_Data supplied_.
════════

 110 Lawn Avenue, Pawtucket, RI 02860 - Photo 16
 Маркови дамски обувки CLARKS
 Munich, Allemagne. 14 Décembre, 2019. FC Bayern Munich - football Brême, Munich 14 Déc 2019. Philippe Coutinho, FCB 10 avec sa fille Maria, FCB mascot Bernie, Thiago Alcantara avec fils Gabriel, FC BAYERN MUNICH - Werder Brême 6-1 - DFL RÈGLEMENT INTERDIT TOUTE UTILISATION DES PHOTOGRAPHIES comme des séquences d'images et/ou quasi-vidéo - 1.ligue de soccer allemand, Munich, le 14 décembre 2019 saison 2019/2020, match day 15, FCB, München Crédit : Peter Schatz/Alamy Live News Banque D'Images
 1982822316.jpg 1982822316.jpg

════════

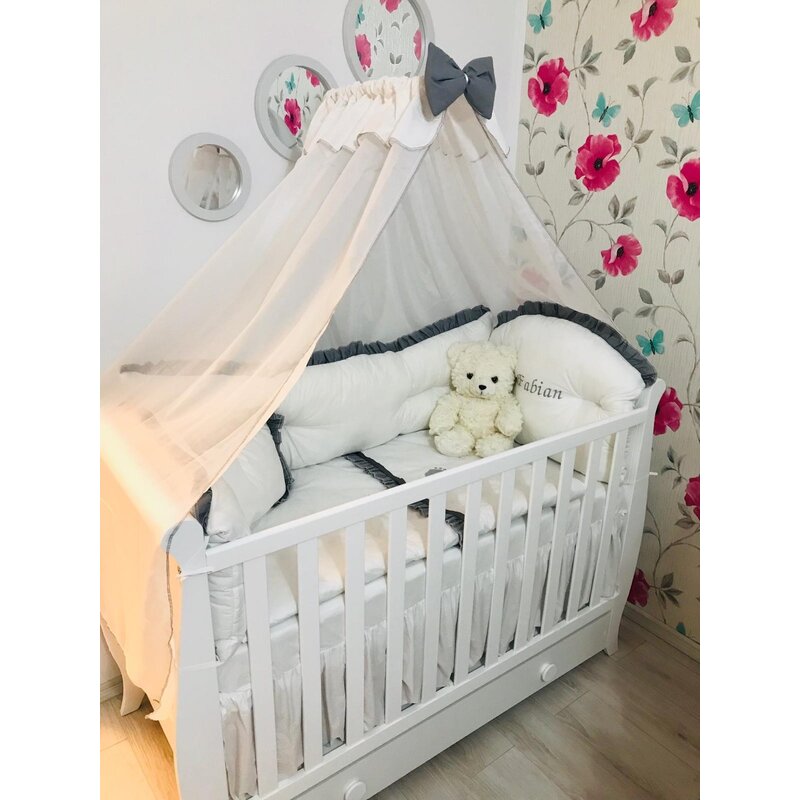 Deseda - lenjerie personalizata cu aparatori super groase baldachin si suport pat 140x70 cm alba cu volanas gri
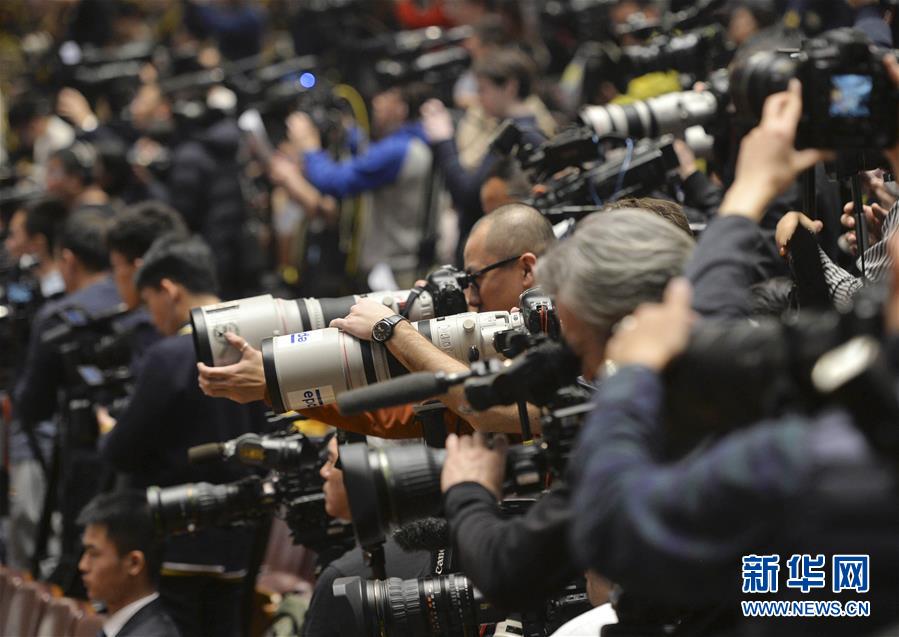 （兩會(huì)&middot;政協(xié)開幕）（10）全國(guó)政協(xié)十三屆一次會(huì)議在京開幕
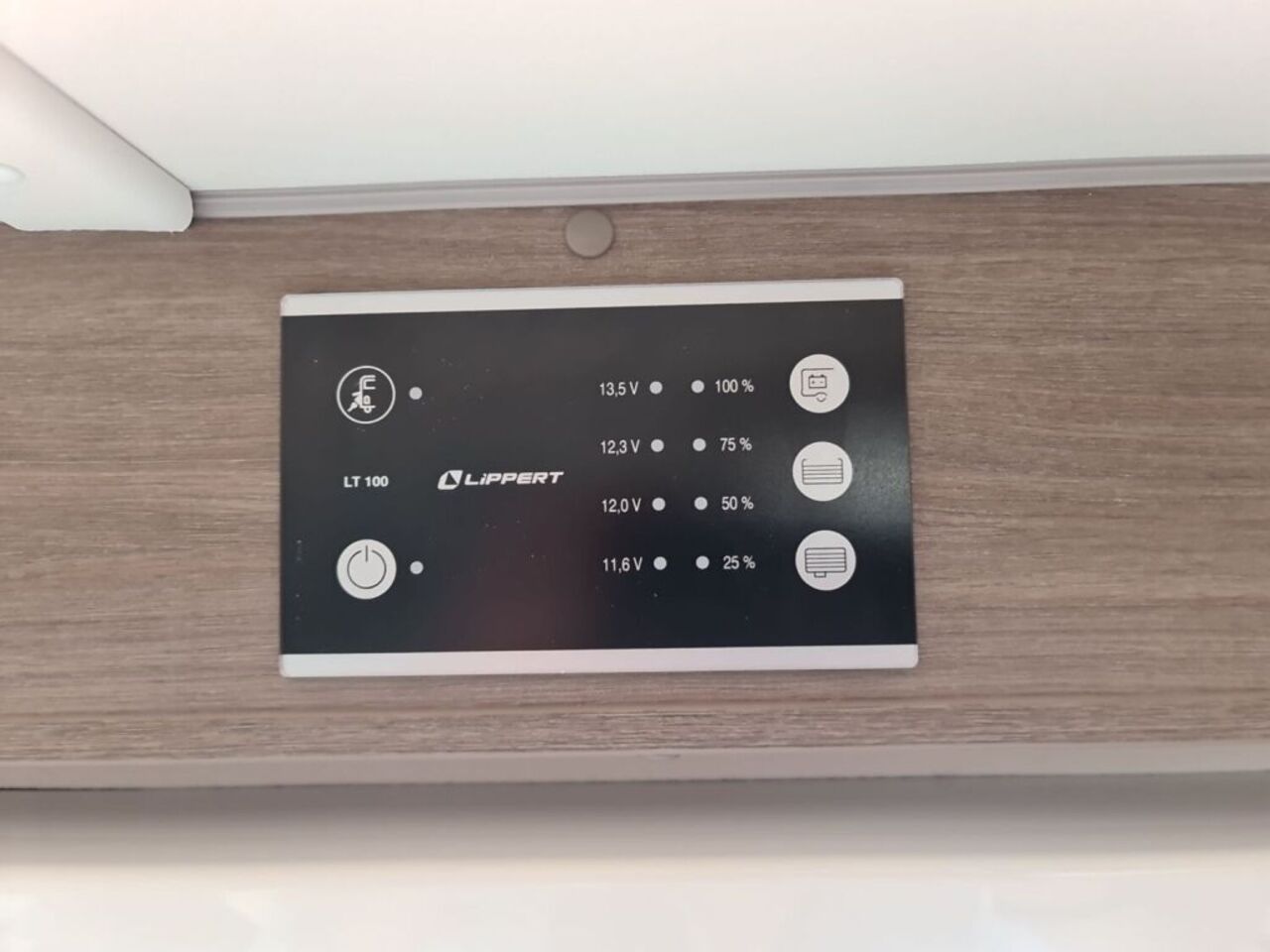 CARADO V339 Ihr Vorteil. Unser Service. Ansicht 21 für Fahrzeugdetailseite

════════

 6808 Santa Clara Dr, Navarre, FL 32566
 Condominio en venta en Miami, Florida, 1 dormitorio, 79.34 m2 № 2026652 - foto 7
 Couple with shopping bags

════════

_How to complete this task_.
Please return only the lines above, starting at the line that has "110 Lawn Avenue, Pawtucket, RI" and ending at the line that has "1982822316.jpg 1982822316.jpg", keeping both and leaving each one unchanged.

_Output for this exercise_.
 110 Lawn Avenue, Pawtucket, RI 02860 - Photo 16
 Маркови дамски обувки CLARKS
 Munich, Allemagne. 14 Décembre, 2019. FC Bayern Munich - football Brême, Munich 14 Déc 2019. Philippe Coutinho, FCB 10 avec sa fille Maria, FCB mascot Bernie, Thiago Alcantara avec fils Gabriel, FC BAYERN MUNICH - Werder Brême 6-1 - DFL RÈGLEMENT INTERDIT TOUTE UTILISATION DES PHOTOGRAPHIES comme des séquences d'images et/ou quasi-vidéo - 1.ligue de soccer allemand, Munich, le 14 décembre 2019 saison 2019/2020, match day 15, FCB, München Crédit : Peter Schatz/Alamy Live News Banque D'Images
 1982822316.jpg 1982822316.jpg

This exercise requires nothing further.